● Recorded information
────────────────────────────────────────
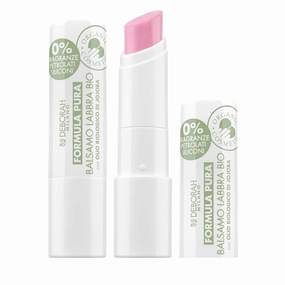 Deborah Milano Formula Pura Balsamo Labbra Bio Lip Balm 03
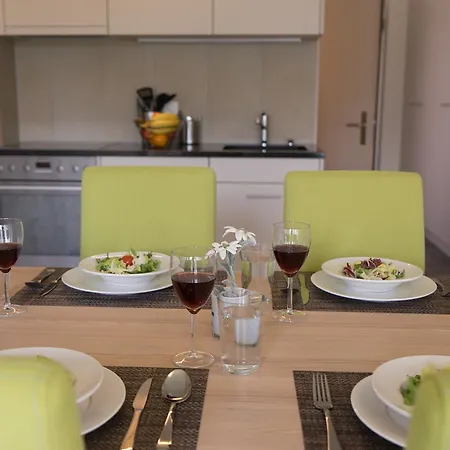 Wohnmotel - Hinterforst موتيل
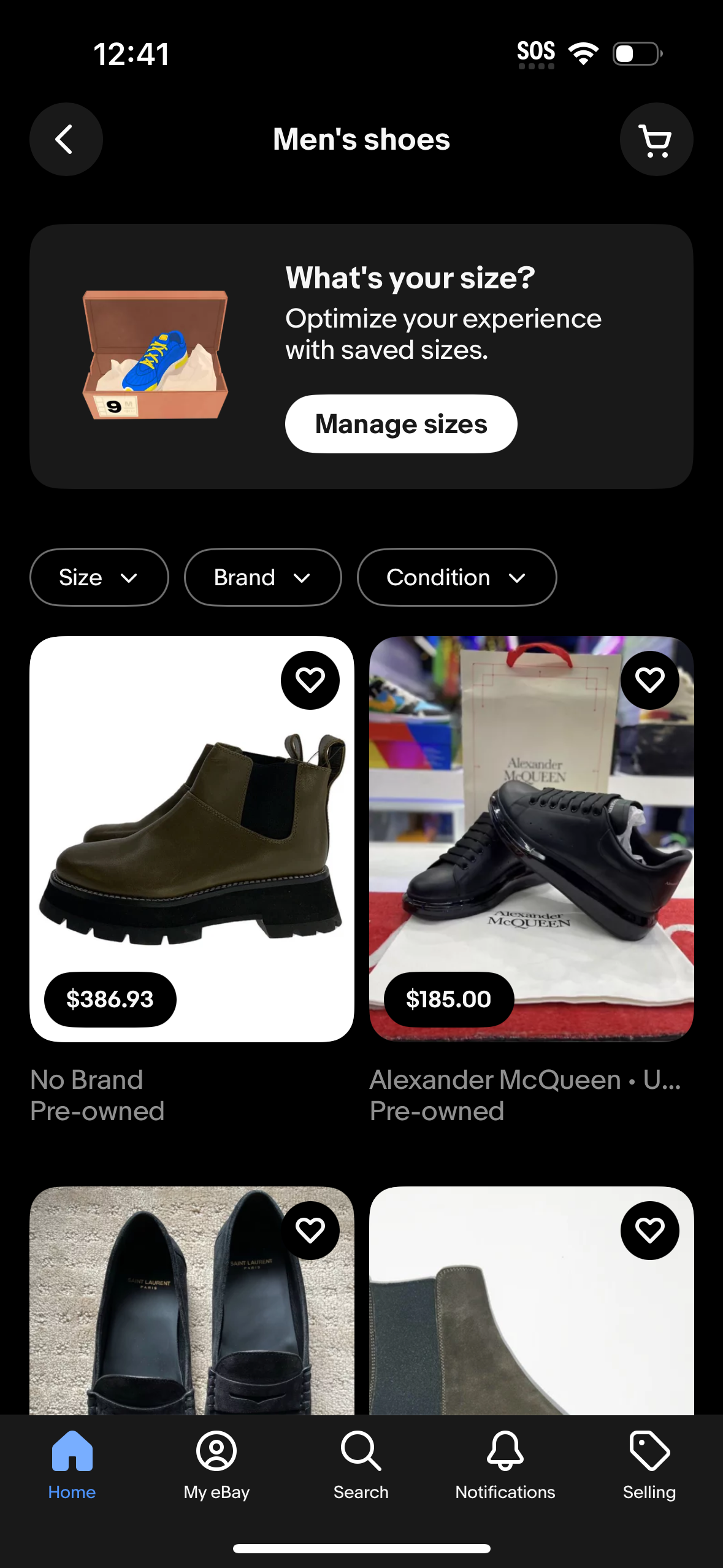 ebay app screenshot 58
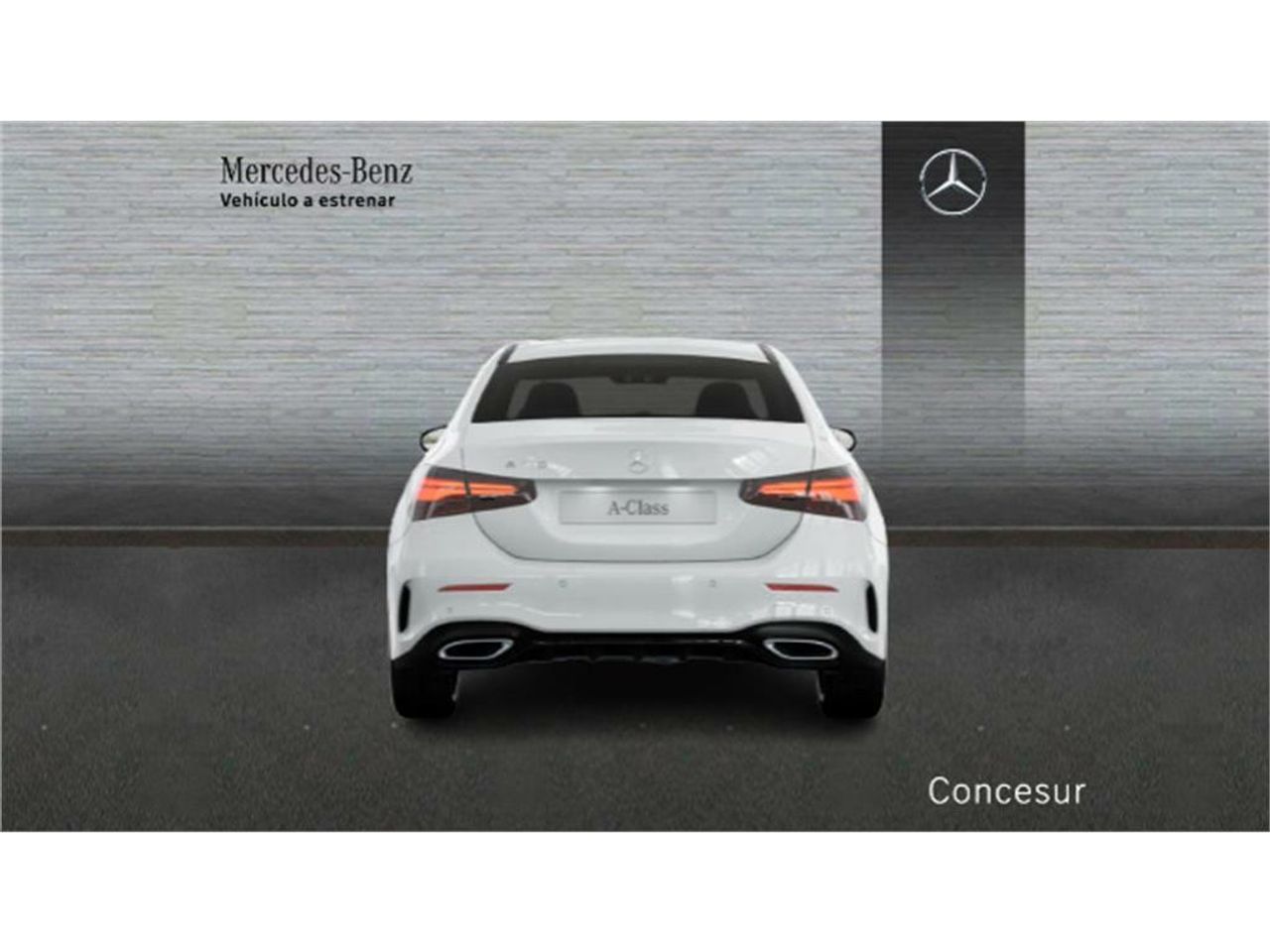 Foto Mercedes-Benz Clase A 4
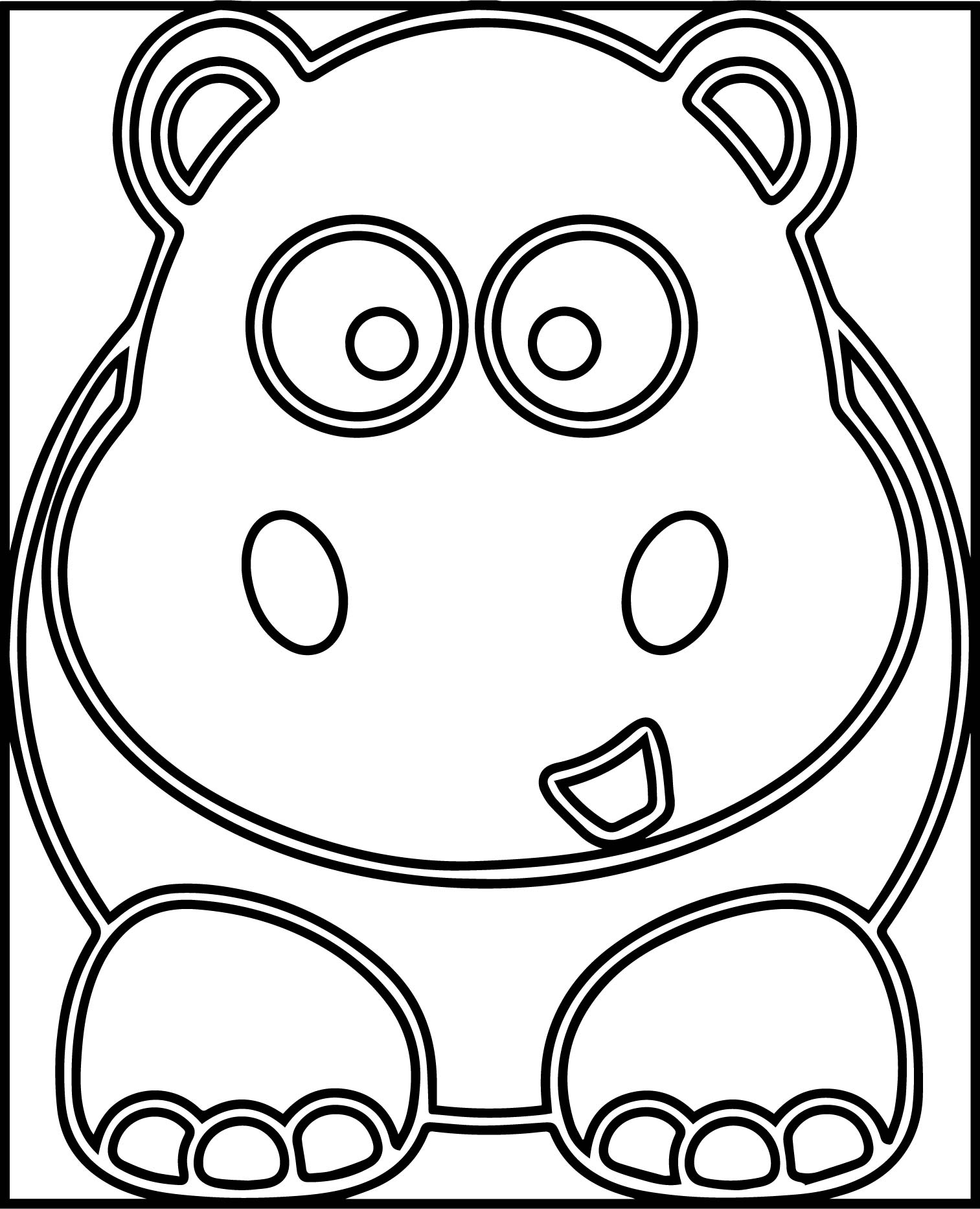 1513x1866 Rhino Coloring Page Wecoloringpage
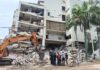 Voluntarios llegaron de otras regiones para ayudar en La Guaira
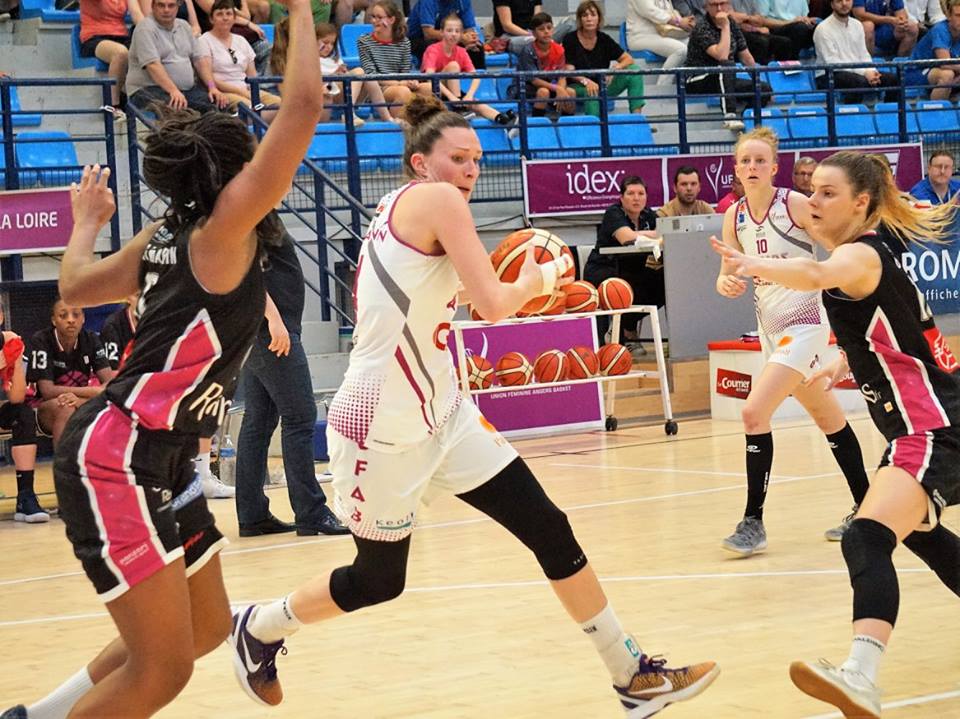 Ligue 2 : Avantage Landerneau et Angers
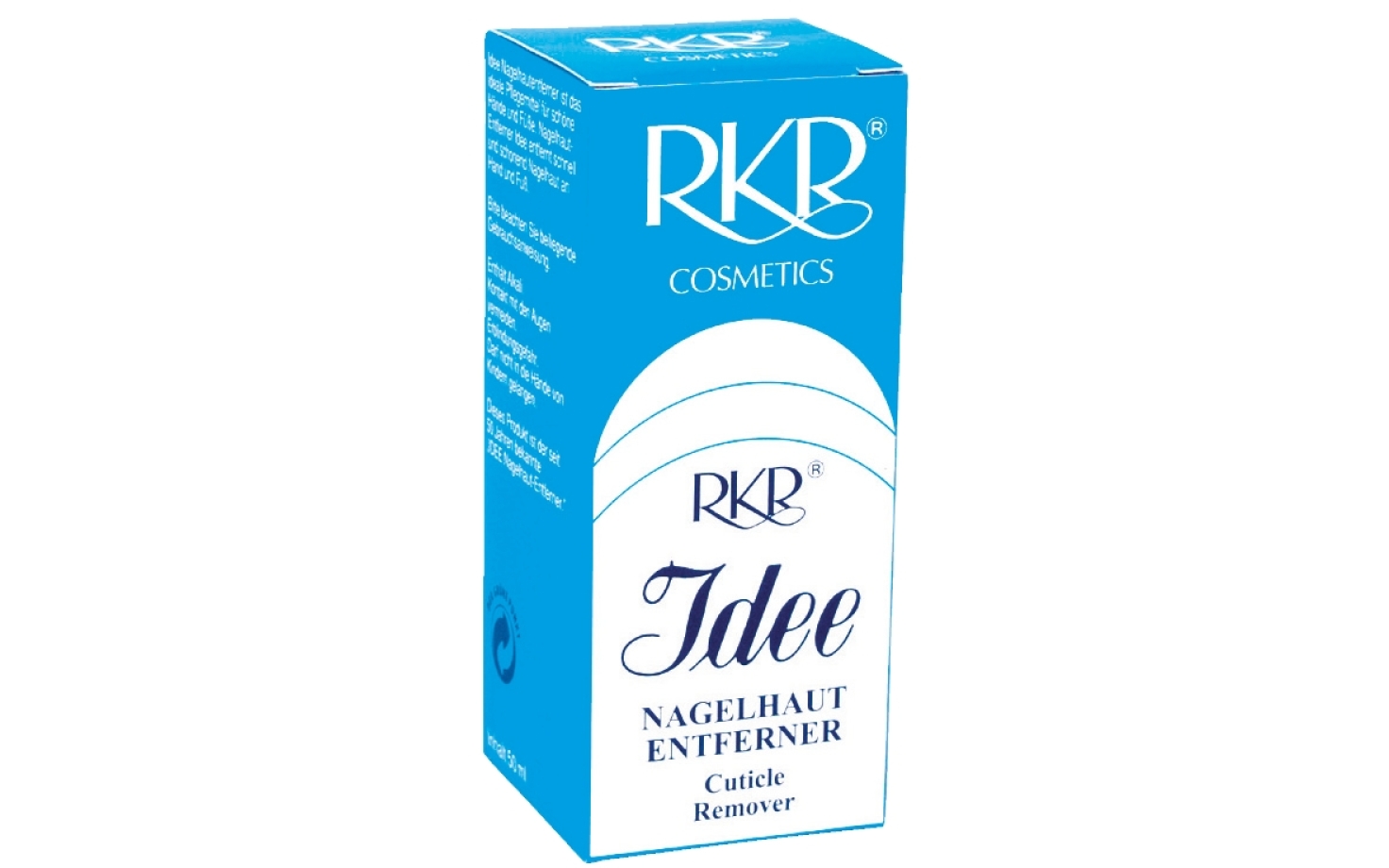 Idee Nagelhautentferner 50 ml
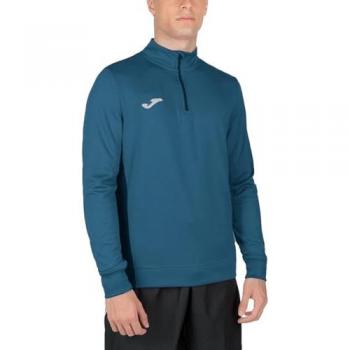 Felpa Joma Winner 2 con zip media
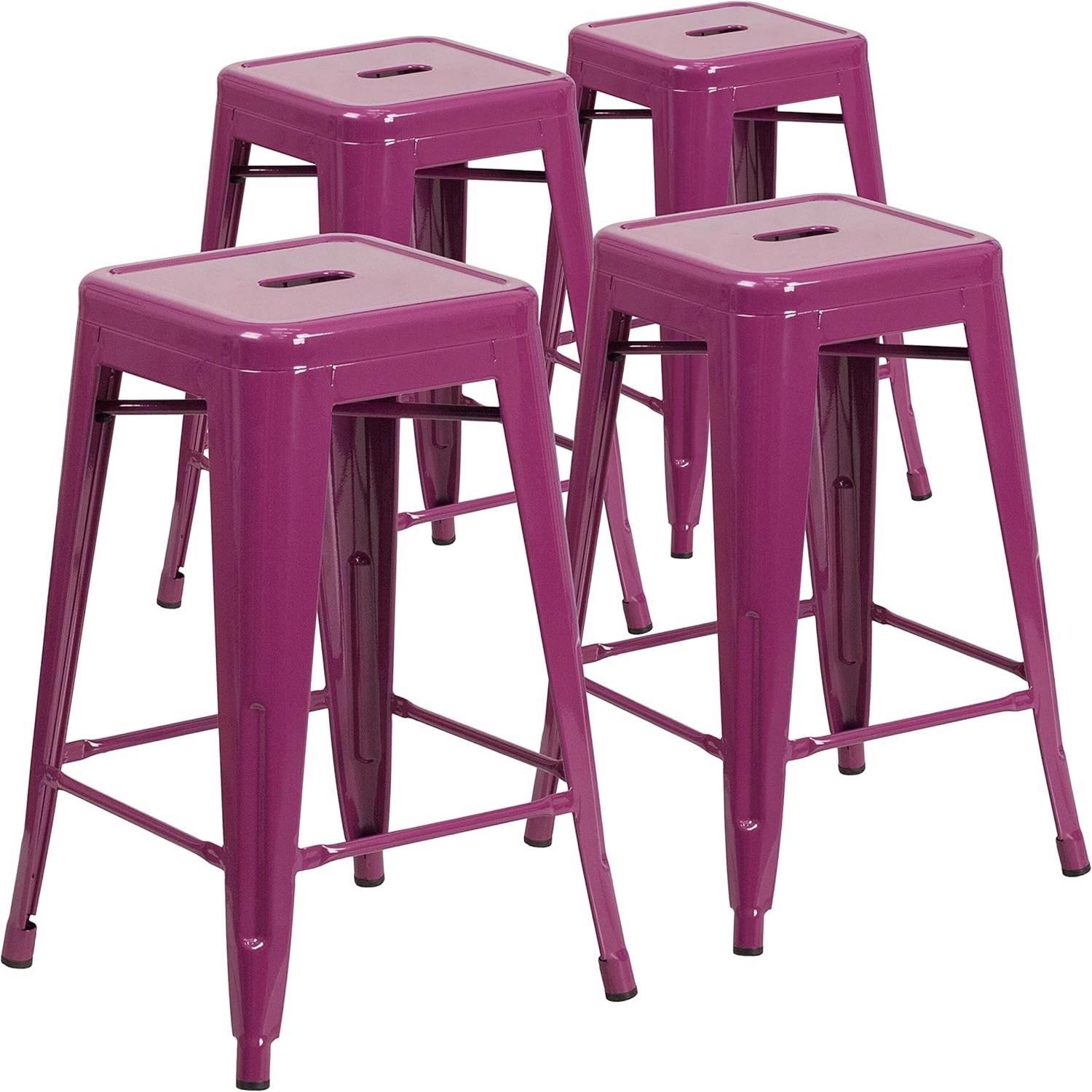 kai-24-industrial-style-bar-stool-purple-set-of-4-modern-metal-counter-height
────────────────────────────────────────
● What to produce
The entries above are to be reproduced exactly, with the pictures dropped.

● Solution to this task
 Deborah Milano Formula Pura Balsamo Labbra Bio Lip Balm 03
 Wohnmotel - Hinterforst موتيل
 ebay app screenshot 58
 Foto Mercedes-Benz Clase A 4
 1513x1866 Rhino Coloring Page Wecoloringpage
 Voluntarios llegaron de otras regiones para ayudar en La Guaira
 Ligue 2 : Avantage Landerneau et Angers
 Idee Nagelhautentferner 50 ml
 Felpa Joma Winner 2 con zip media
 kai-24-industrial-style-bar-stool-purple-set-of-4-modern-metal-counter-height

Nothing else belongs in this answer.